Following the family home, a pension is often the most valuable asset owned by the parties. Despite this, pensions are not always prioritised during financial settlements and are sometimes overlooked altogether. Where proper advice is not sought, one party may find that their financial situation approaching retirement is less than favourable, which may lead to them needing to work longer and make significant sacrifices along the way.

How pensions are to be treated upon divorce is important against the backdrop of rising levels of couples separating in later life. In recent years, the number of over 60’s divorcing has been on the increase.

Later-life break-ups generally mean considering more complex financial affairs and a greater amount of financial assets such as the family home, pensions, investments, savings etc.

All of this considered, pensions in financial remedy proceedings is a notoriously complex area.

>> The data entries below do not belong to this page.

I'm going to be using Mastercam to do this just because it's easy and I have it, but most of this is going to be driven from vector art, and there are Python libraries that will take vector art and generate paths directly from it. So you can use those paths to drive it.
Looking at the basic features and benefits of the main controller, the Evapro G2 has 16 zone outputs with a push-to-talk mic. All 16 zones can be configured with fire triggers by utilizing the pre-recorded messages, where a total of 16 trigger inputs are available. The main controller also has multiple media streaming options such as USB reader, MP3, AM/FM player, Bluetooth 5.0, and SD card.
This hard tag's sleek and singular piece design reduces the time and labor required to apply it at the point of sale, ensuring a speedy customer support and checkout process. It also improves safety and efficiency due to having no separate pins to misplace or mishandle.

A report published by the Pension Advisory Group (“PAG”) in 2019 gave some much-needed clarity on the issues involved, and a number of recent cases in the courts have provided further guidance on how pensions will be treated by the courts during financial proceedings.

Without going into the detail of the cases involved, there were some key conclusions drawn by the judges involved that have gone on to inform family practitioners on how pensions should be treated in financial settlements.

These include that:

Pensions should be divided so they bring about equal incomes, not capital.

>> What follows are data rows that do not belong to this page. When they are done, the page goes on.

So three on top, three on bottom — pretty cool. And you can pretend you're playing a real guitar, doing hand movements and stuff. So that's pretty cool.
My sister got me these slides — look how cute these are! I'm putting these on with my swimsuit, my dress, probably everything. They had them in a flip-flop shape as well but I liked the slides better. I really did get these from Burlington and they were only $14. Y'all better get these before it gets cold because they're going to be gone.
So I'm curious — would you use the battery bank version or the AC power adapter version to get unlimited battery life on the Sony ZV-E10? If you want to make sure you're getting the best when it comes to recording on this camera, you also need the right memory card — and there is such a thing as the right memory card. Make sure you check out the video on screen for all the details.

Where the division of assets is concerned, offsetting of pensions should be avoided where possible. Offsetting involves the valuation of assets so that one could be offset against the other – ie. a pension against the value of the family home, where there is unequal asset ownership. It was outlined that ‘mixing categories of assets runs the risk of unfairness’. It is therefore recommended that pensions should be dealt with separately and discretely from other capital assets.

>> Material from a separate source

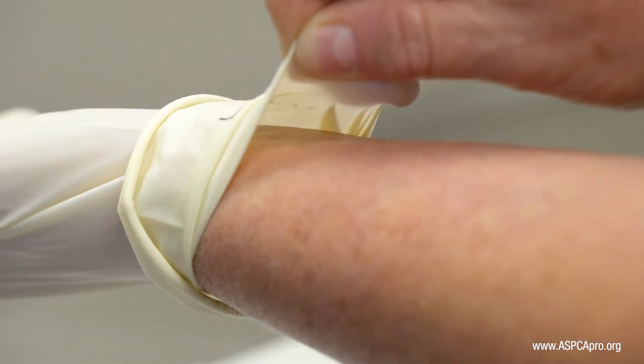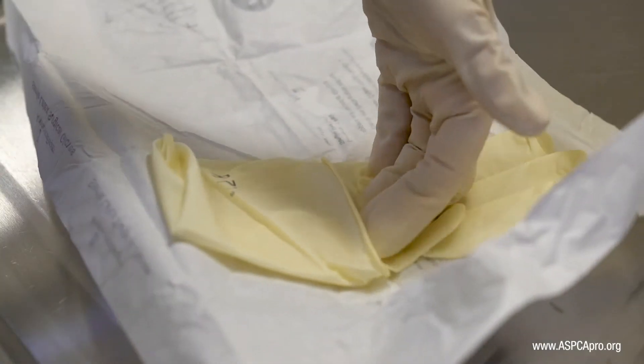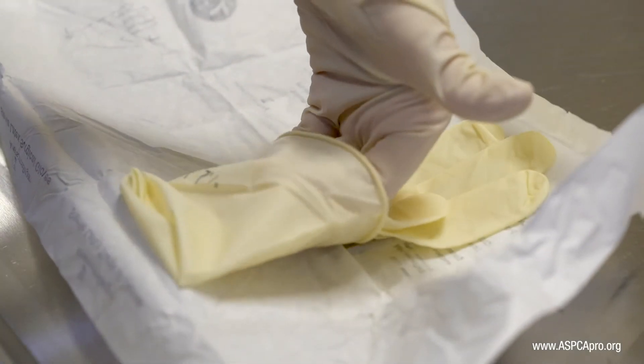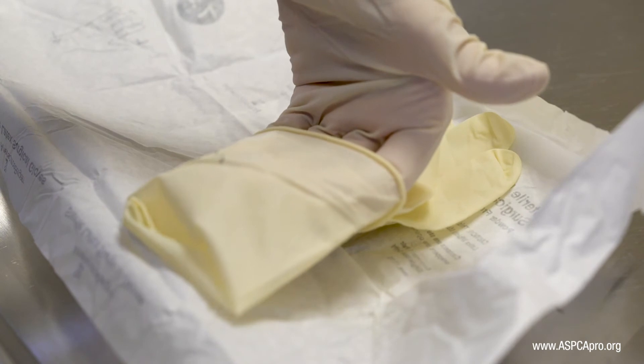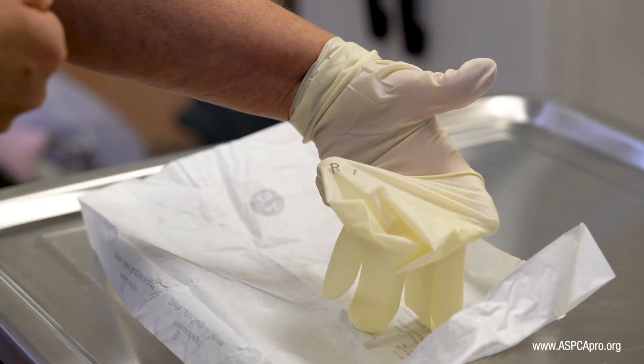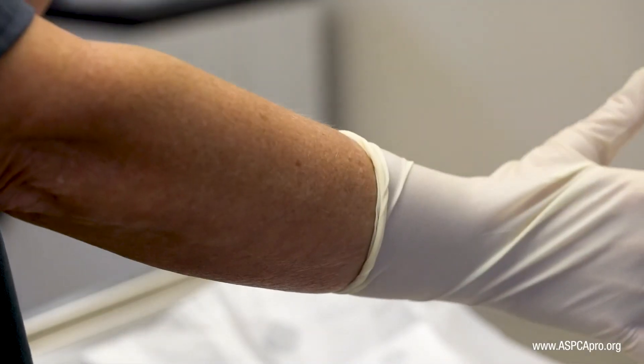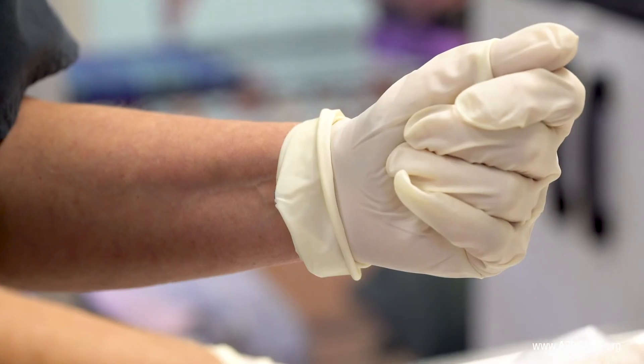Once the glove is on, drop the cuff onto your wrist. Next, use your now gloved hand to grasp the remaining glove at the sterile portion or inside aspect of the fold. Spread the cuff widely with your fingers and pull the glove all the way down your arm, then drop it to ensure your arm is not accidentally touched.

In a needs-based case, where the pensions concerned represent the sole or main mechanism for meeting the post-retirement income needs of both parties whether or not a portion of the pension has been accrued prior to the marriage will be largely irrelevant. As such, pensions are to be treated no differently to other classes of assets when it comes to meeting needs – if an asset is required to meet needs then its source and date of acquisition is secondary.

In the case of defined benefit pension schemes, which are based on final salary, a ‘straight-line’ methodology of apportionment may not be fair. This is because these pensions usually become much more valuable later in life and so a way to take this into account needs to be agreed.

Although deciding a way forward with pensions can be complex, this does not mean that pensions should be ignored. Where high value pensions are involved, our team work alongside trusted financial advisers to obtain the expert reports. Utilising this information, alongside the guidance provided by recent case law, it is possible to reach a fair and sensible outcome so far as the division of pension assets is concerned.